The masks you wear can be seen as defense mechanisms. According to renowned psychologist Erving Goffman, life is like a theater, where individuals play roles depending on their audience. That, in social situations, we present curated versions of ourselves, often concealing our true feelings and thoughts to fit societal expectations. This can lead to a phenomenon known as “impression management,” where people consciously alter their behavior to influence how they are perceived.

In a quote by Oscar Wilde, an Irish poet, “man is least himself when he talks in his own person. Give him a mask, he will tell you the truth.” While masks can offer protection and facilitate social interactions, they also come with significant emotional costs. Prolonged masking can lead to feelings of disconnection, anxiety, and even depression. The pressure to maintain a façade can create a sense of inauthenticity, eroding self-esteem and genuine relationships.

Depending on the situation, there can be different types of masks:

  1. The Professional Mask: In workplaces, individuals often adopt a persona that emphasizes competence, authority, and professionalism. This can lead to feelings of disconnect, especially if one’s true self is more casual or creative.
  2. The Social Mask: In social gatherings, people may wear a mask to appear more sociable or to align with group norms. This often involves suppressing one’s true opinions or interests to foster acceptance.
  3. The Emotional Mask: Many individuals mask their emotions—hiding sadness behind a smile or projecting confidence even when feeling insecure. This emotional façade can be a protective barrier against vulnerability but can also lead to isolation.
  4. The Cultural Mask: Cultural expectations can dictate how we present ourselves. This can manifest in language, dress, and behavior, often leading individuals to feel torn between their authentic selves and societal norms.

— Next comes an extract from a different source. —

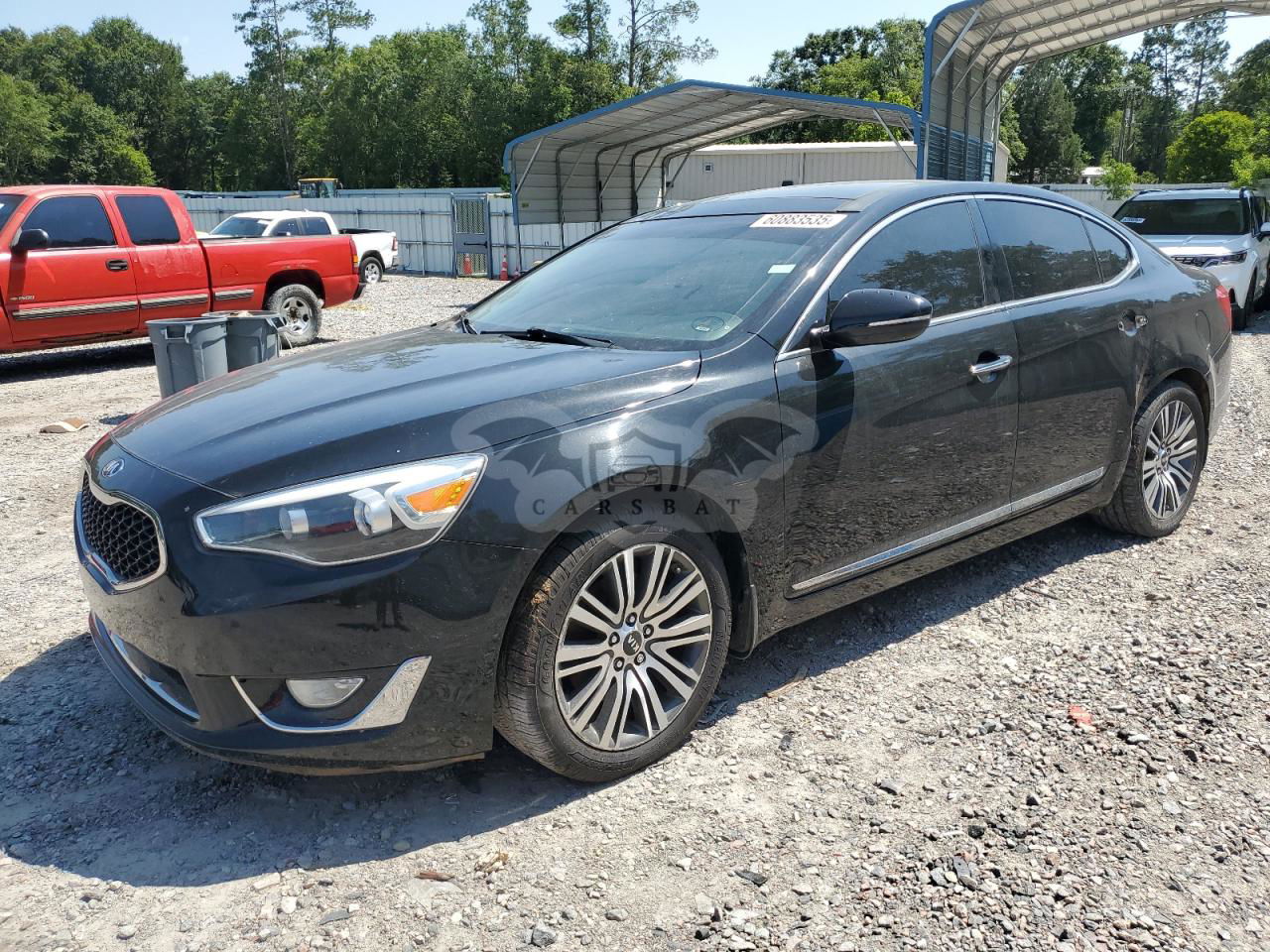 Kia Cadenza PREMIUM 3.3L  6 2014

In opposition of this, the quest for authenticity.  This quest often involves peeling away these layers to reveal your true self. This journey requires courage and self-reflection. Here are some steps you can take:

  1. Self-Reflection: Understanding why you wear certain masks can illuminate your motivations and fears. Journaling or meditative practices can aid in this exploration.
  2. Gradual Exposure: Start by sharing small, authentic aspects of yourself with trusted friends or family. This can help build confidence in being vulnerable.
  3. Mindfulness: Practicing mindfulness can help you recognize when you are slipping into a mask and encourages you to stay present and authentic in your interactions.
  4. Creating Safe Spaces: Cultivating environments where authenticity is valued can empower you to drop your masks. This includes seeking out supportive communities and relationships.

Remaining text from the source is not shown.